The sulphur dioxide product from the copper pyrometallurgy process has potential to feed into the HyS cycle to generate sulphuric acid to be utilised in hydro-pathway while the H2 and O2 products from the HyS cycle have potential to be used in the copper pyro-pathway to displace ASU and/or fossil fuels. The potential of this linkages will be reported in the paper through the following scenarios:

  1. the HyS cycle is scaled to produce enough hydrogen for the pyro-furnaces;
  2. the HyS cycle is sized to meet the oxygen demands in the pyro-pathways; and
  3. the HyS cycle is sized based on the production rate of the SO2 from the furnaces. In this scenario, the sulphuric acid would be supplied from the HyS cycle rather than the acid plant with any excess acid being used in the hydrometallurgy pathway or sold as a product.

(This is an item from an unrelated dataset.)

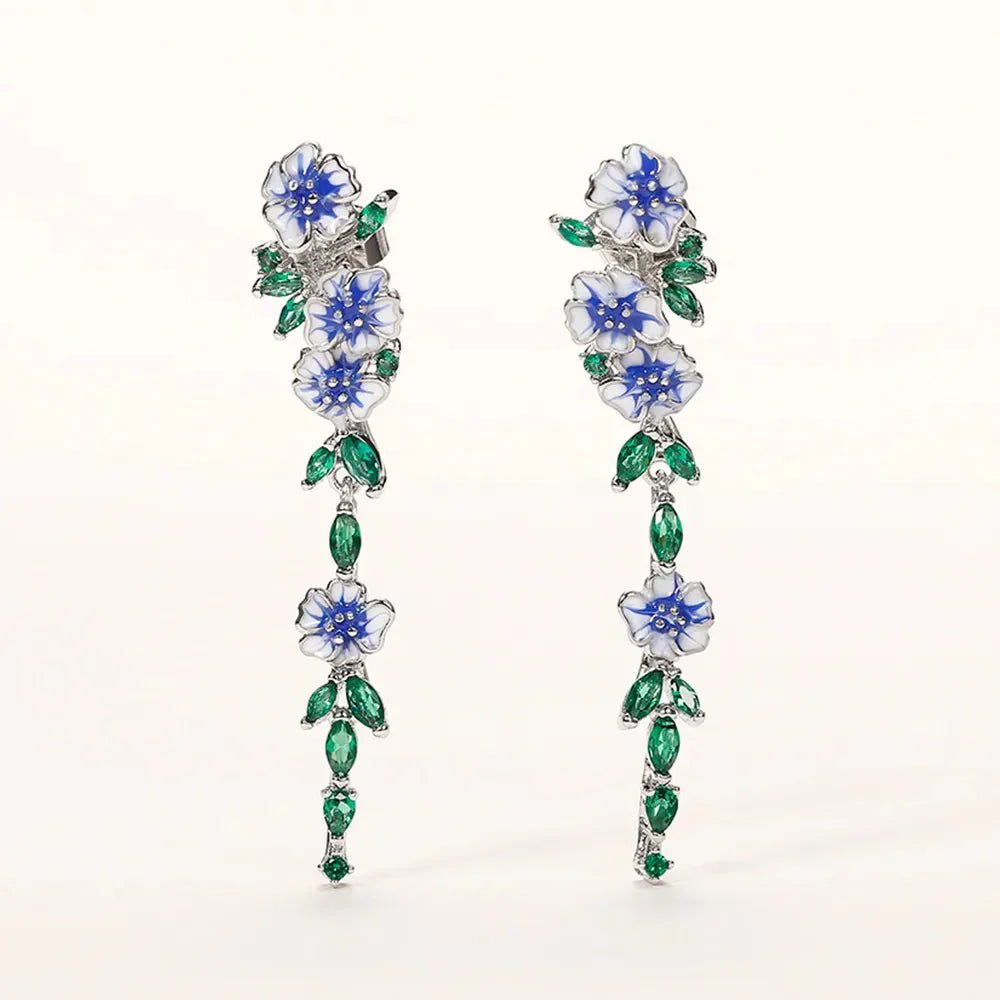 Yara – Hängende Ohrringe in Blumenblau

Figure 1 (Caption): Schematic representation of a) HyS cycle b) Copper production flowsheet. HyS cycle produces hydrogen (fuel), oxygen and sulphuric acid that can be used in the copper production process.

References

  1. National Greenhouse and Energy Reporting Data (NGER) website, accessed: 28.04.2020. http://www.cleanenergyregulator.gov.au/NGER/National%20greenhouse%20and%20energy%20reporting%20data/Data-highlights/2018-19-published-data-highlights
  2. Brecher L.E. and Christopher K.W., “Electrolytic decomposition of water”, Westinghouse Electric Corp., Patent 3,888,750, June 10, 1975.
  3. Niehoff, A. G., Botero, N. B., Acharya, A., Thomey, D., Roeb, M., Sattler, C., & Pitz-Paal, R. (2015). Process modelling and heat management of the solar hybrid sulfur cycle. International Journal of Hydrogen Energy, 40(13), 4461-4473.
  4. Thomey, D., de Oliveira, L., Säck, J. P., Roeb, M., & Sattler, C. (2012). Development and test of a solar reactor for decomposition of sulphuric acid in thermochemical hydrogen production. International journal of hydrogen energy, 37(21), 16615-16622.